Alternatives to a School Field Trip to In-and-Out Burger
You may recall that my son’s school took an official school field trip to In-and-Out Burger as part of their lessons on food distribution chains and economics. I sent a polite but pointed email to the school principal explaining why we were opting-out of that trip. The principal sent me an appropriately polite response to my email and invited our suggestions of alternatives. My wife Lisa sent the principal this email describing what she did with Jacob instead of the In-and-Out Burger field trip:
I just wanted to follow up with you about alternatives to the In-N-Out field trip. Since both the field trip & our decision to pull Jacob was kind of last minute, I didn’t have much time to research alternatives. I ended up taking Jacob out for breakfast at Hobee’s & while there, discussing the cost of his entree & what went into that. We discussed the expenses restaurants incur (cooks, servers, rent, utilities, etc.); we also touched on the differences between “fast food” restaurants & other types of restaurants as well as regular vs. organic. Then we made notes about the ingredients used in his entree. From there we went over to Trader Joe’s and priced out those ingredients (going through the store with a notepad & pen, noting prices, quantities & serving sizes – we didn’t actually purchase anything). Then, we came home and calculated the total price, and then did a lot of division to calculate the price of one serving. (BTW, the $8.50 Florentine Scramble at Hobee’s can be made at home for $2.83, and that’s with about 50% organic ingredients to boot! :-))
The same morning Jacob’s class went to In-N-Out, our daughter’s class went to Hidden Villa Farm where they saw how crops are raised, eggs are harvested, goats milked & pigs born. I thought that was a nice view into “where food comes from,” and since HV also sells commercially, they can also discuss/show how they choose what to produce, how they package, transport, market & price it, etc.
If I’d had more time, I would have looked into possible “behind the scenes” tours from places like Whole Foods Market, the local Farmers Markets, Trader Joe’s and other local farms. If you would like me to research these sorts of options further, please let me know.
Lisa’s alternative excursion made quite an impression on Jacob. He became especially interested in organic foods, but the cost accounting also seems to have made an impact. Lisa also told me that several people at Hobee’s and Trader Joe’s overheard her talking to Jacob and gave her unsolicited compliments for her efforts.

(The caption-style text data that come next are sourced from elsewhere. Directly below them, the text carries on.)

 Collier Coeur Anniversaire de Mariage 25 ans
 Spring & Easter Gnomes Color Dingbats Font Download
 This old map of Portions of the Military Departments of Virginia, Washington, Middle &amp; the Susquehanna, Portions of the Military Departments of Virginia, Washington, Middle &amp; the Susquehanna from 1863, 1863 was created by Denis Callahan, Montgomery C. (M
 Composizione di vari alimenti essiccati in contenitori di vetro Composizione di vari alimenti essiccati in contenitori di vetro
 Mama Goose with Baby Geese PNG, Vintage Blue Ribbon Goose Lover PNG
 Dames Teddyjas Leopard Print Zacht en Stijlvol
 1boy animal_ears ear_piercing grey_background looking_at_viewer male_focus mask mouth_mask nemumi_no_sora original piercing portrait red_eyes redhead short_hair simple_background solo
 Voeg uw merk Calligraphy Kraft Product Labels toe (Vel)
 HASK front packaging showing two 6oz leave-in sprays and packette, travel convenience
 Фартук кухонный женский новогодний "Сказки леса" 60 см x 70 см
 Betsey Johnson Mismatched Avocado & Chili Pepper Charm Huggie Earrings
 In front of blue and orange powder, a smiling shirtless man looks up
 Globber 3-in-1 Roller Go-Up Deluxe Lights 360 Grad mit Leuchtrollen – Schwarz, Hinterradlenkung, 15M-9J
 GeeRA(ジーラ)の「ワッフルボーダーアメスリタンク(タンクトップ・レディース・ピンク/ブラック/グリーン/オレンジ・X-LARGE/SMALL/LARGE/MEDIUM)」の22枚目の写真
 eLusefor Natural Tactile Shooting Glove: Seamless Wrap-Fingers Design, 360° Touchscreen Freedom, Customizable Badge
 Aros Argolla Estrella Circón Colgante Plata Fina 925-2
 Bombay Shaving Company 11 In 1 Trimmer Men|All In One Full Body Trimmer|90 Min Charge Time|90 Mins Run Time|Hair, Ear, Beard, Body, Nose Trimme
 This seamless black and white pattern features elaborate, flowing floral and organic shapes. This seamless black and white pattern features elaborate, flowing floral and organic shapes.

In terms of alternatives, I think a visit to Hobee’s is a little better educationally than a visit to In-and-Out Burger, but I think both of them are inferior to a trip to where students could get multiple vendor perspectives, such as a farmer’s market. I think it would be really neat to hear different farmers at a farmer’s market explain why they think their product is superior to their competition and why it’s financially advantageous for farmers to sell their product via a farmer’s market as opposed to other distribution options. My guess is that the students would never look at Safeway’s the same after hearing that.